These buffers may be on different devices. Requires that both buffers are contiguous and have same size.

Parameters:

Return type:

None

is_contiguous

property is_contiguous

Whether or not buffer is contiguously allocated in memory. Returns false if the buffer is a non-contiguous slice.

Currently, we consider certain situations that are contiguous as non-contiguous for the purposes of our engine, such as when a buffer has negative steps.

is_host

property is_host

Whether or not buffer is host-resident. Returns false for GPU buffers, true for CPU buffers.

from max import driver
from max.dtype import DType

cpu_buffer = driver.Buffer(shape=[2, 3], dtype=DType.bfloat16, device=driver.CPU())

print(cpu_buffer.is_host)

item()

item(self) → Any

Returns the scalar value at a given location. Currently implemented only for zero-rank buffers. The return type is converted to a Python built-in type.

mmap()

mmap(dtype, shape, mode='copyonwrite', offset=0)

Parameters:

  • filename (PathLike[str] | str)
  • dtype (DType)
  • shape (ShapeType | int)
  • mode (np._MemMapModeKind)
  • offset (int)

Return type:

Buffer

num_elements

property num_elements

Returns the number of elements in this buffer.
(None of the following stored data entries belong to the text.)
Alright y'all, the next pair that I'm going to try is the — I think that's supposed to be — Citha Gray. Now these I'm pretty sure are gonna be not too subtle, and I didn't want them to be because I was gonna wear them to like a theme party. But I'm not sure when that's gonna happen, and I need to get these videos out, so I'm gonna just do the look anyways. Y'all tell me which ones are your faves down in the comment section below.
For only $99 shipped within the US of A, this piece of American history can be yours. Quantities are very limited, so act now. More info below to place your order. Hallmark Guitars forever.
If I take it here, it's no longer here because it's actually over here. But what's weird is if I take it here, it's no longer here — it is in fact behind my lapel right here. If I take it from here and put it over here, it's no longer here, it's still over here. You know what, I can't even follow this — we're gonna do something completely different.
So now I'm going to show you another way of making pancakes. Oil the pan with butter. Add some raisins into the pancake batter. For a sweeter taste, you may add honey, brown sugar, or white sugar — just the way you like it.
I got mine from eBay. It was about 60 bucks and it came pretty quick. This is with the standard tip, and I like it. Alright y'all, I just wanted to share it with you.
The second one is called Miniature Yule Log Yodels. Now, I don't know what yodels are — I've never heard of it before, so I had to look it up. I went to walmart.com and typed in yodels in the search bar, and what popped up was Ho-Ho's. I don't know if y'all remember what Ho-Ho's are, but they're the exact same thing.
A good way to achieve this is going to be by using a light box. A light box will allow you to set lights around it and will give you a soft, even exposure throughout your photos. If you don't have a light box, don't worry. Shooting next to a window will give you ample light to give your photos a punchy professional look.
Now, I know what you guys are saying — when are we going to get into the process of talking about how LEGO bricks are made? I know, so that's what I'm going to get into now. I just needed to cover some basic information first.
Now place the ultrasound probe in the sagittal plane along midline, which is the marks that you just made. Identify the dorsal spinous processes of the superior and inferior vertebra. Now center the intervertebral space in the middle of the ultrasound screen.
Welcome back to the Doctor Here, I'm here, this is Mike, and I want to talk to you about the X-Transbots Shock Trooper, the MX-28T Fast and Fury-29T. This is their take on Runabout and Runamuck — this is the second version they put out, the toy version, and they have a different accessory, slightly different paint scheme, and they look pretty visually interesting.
Rank-0 buffers have 1 element by convention.

pinned

property pinned

Whether or not the underlying memory is pinned (page-locked).

rank

property rank

Buffer rank.

scalar

scalar = <nanobind.nb_func object>

shape

property shape

Shape of buffer.

stream

property stream

Stream to which tensor is bound.

to()

to(self, device: max.driver.Device) → max.driver.Buffer

to(self, stream: max.driver.DeviceStream) → max.driver.Buffer

to(self, devices: collections.abc.Sequence[max.driver.Device]) → list[max.driver.Buffer]

to(self, streams: collections.abc.Sequence[max.driver.DeviceStream]) → list[max.driver.Buffer]

Overloaded function.

  1. to(self, device: max.driver.Device) -> max.driver.Buffer

    Return a buffer that’s guaranteed to be on the given device.

    The buffer is only copied if the requested device is different from the device upon which the buffer is already resident.

  2. to(self, stream: max.driver.DeviceStream) -> max.driver.Buffer

    Return a buffer that’s guaranteed to be on the given device and associated with the given stream.

    The buffer is only copied if the requested device is different from the device upon which the buffer is already resident. If the destination stream is on the same device, then a new reference to the same buffer is returned.

  3. to(self, devices: collections.abc.Sequence[max.driver.Device]) -> list[max.driver.Buffer]

    Return a list of buffers that are guaranteed to be on the given devices.

    The buffers are only copied if the requested devices are different from the device upon which the buffer is already resident.

  4. to(self, streams: collections.abc.Sequence[max.driver.DeviceStream]) -> list[max.driver.Buffer]

    Return a list of buffers that are guaranteed to be on the given streams.

    The buffers are only copied if the requested streams are different from the stream upon which the buffer is already resident.

to_numpy()

to_numpy()

Converts the buffer to a numpy array.

If the buffer is not on the host, a copy will be issued.

Parameters:

self (Buffer)

Return type:

ndarray[tuple[Any, …], dtype[Any]]

view()

view(dtype, shape=None)

Return a new buffer with the given type and shape that shares the underlying memory.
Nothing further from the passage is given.